# Sausage Biscuits



## runincode (Apr 23, 2010)

A lady brought me some of these at work yesterday. She gave me the recipe. Good eats!!


1lb tube of country or breakfast sausage

1 8oz box of cream cheese or Neufchatel 

1 can of Grands buttermilk biscuits (anything but flaky)

1 egg

Cook sausage and drain fat. Mix cream cheese and sausage while the sausage is still warm. Cut biscuits into halves or quarters or not at all. Flatten the biscuit piece, put a dollop (not sure what a dollop is) of the sausage mix in the middle and wrap the biscuit around it, making sure all the seams are sealed. Heat oven to 350. Beat the egg and brush on biscuit tops. Bake until golden brown.

AND NO "7" didn't have any side order of doughnuts with them!! lol


----------



## wdbrand (May 24, 2007)

Sounds good runnin, and should be a quick breakfast at that. Pillsbury make a 4 pack of 10 biscuits that's fairly cheap and are small and not flaky. Might be the ideal cathead to wrap this mix with.


----------



## Bobmac (Oct 11, 2008)

A dollop is a splat of the correct size as viewed by the person doing it.
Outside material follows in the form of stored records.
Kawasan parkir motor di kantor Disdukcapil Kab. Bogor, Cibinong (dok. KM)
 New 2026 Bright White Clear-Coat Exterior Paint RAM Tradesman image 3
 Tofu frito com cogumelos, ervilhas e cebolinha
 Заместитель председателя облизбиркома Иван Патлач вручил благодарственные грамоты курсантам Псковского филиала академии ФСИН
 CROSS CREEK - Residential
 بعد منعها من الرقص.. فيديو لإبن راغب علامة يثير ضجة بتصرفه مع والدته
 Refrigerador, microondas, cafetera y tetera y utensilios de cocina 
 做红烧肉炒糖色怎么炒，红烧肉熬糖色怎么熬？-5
Just like a dash of salt to my wife is a few grains; to me it's a couple of good shakes.


----------



## RuddeDogg (Mar 20, 2004)

Sounds good.


----------



## wdbrand (May 24, 2007)

Kinda like a pinch of somethin: How big are your fingers. When the gold rush was in full swing a lot of stuff was paid for outta miners poke of dust. A pinch was accepted as payment. The pincher however, had the longest fingernails in town which were always wet that he cleaned after every pinch, into his own poke.


----------



## wdbrand (May 24, 2007)

runin, soon as I get some more wood in before the rain, I'm going to make your sausage wraps. Had everything but the cream cheese, so good to go now. Kinda funny that a buddy called and said he made them 3 days ago and said they were the rasberries. He didn't get the recipe here but from a buddy. Ingredients were the same all the way. Will report once I make them. Thanks.


----------



## wdbrand (May 24, 2007)

runin, they turned out fine. The wife liked them also due to the cheese. Thanks.


----------



## runincode (Apr 23, 2010)

wdbrand said:


> runin, they turned out fine. The wife liked them also due to the cheese. Thanks.


Glad they turned out fine!! I tried to make them over the holidays, but didn't get em sealed good. Still good oh.


----------